Al comenzar la película, después de un magnífico prólogo animado, no puede uno dejar de pensar en Blade Runner, la ciudad donde se desarrollan los primeros compases de la acción es notablemente parecida a la que recorría Rick Deckard en pos de los Replicantes; posteriormente los escenarios son páramos desérticos que rememoran a filmes como Mad Max 2 o Star Wars, todo ello con secuencias que nos hace acordarnos de Matrix, sobre todo en la parte final, en la que hay una pelea sobre un tren que es (casi) calcada a la que se lleva a cabo en el subterráneo del segundo filme de los Wachowski. Con todo esto quiero decir es que, si bien El sicario de Dios (Priest, 2011) destaca sobre todo por un apartado visual muy cuidado, arrastra consigo demasiadas imágenes que nos suenan. Y no sólo en lo que se refiere a las escenas en sí, sino que la propia historia tira por derroteros un tanto predecibles y pisoteados, por lo que nos hallamos ante un producto que se queda a medio camino de lo que se espera: es entretenido, pero nunca entusiasma ni genera tensión.

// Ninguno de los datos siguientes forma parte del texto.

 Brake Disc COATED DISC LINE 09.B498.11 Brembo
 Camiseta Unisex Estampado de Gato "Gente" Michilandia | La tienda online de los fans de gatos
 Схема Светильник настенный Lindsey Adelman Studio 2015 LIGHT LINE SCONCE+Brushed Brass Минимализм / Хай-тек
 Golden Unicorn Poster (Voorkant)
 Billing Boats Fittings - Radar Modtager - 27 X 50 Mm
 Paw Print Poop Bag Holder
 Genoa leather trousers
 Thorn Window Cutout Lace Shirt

Así pues, uno sale de la sala con la sensación de haber visto un filme que podía haber dado más de sí, sobre todo porque el mundo donde se desarrolla tiene muchas posibilidades, y no hablo ya de la ambientación, que me ha gustado a pesar de que sea un batiburrillo de filmes precedentes reconocibles por todo hijo de vecino, o la cuidada puesta en escena, sino que esa sociedad distópica apenas está dibujada y es ahí donde Stewart podría haber hecho un mayor hincapié para sacarle más jugo al mediocre guión escrito por Cory Goodman. Es una pena, pero en este segundo trabajo Scott Stewart ha cometido los mismos errores del final de su primer largometraje.


LO MEJOR:
-La ambientación y la puesta en escena.
-A pesar de ser una conversión (cosa que deduzco por sus créditos), las 3D no le sientan mal.
-Paul Bettany y Christopher Plummer, dos buenos actores que tienen una gran presencia en pantalla.

LO PEOR:
-El guión está falto de fuerza, no engancha.

¿Quién debería verla?
Si gustan de los filmes de acción futurista.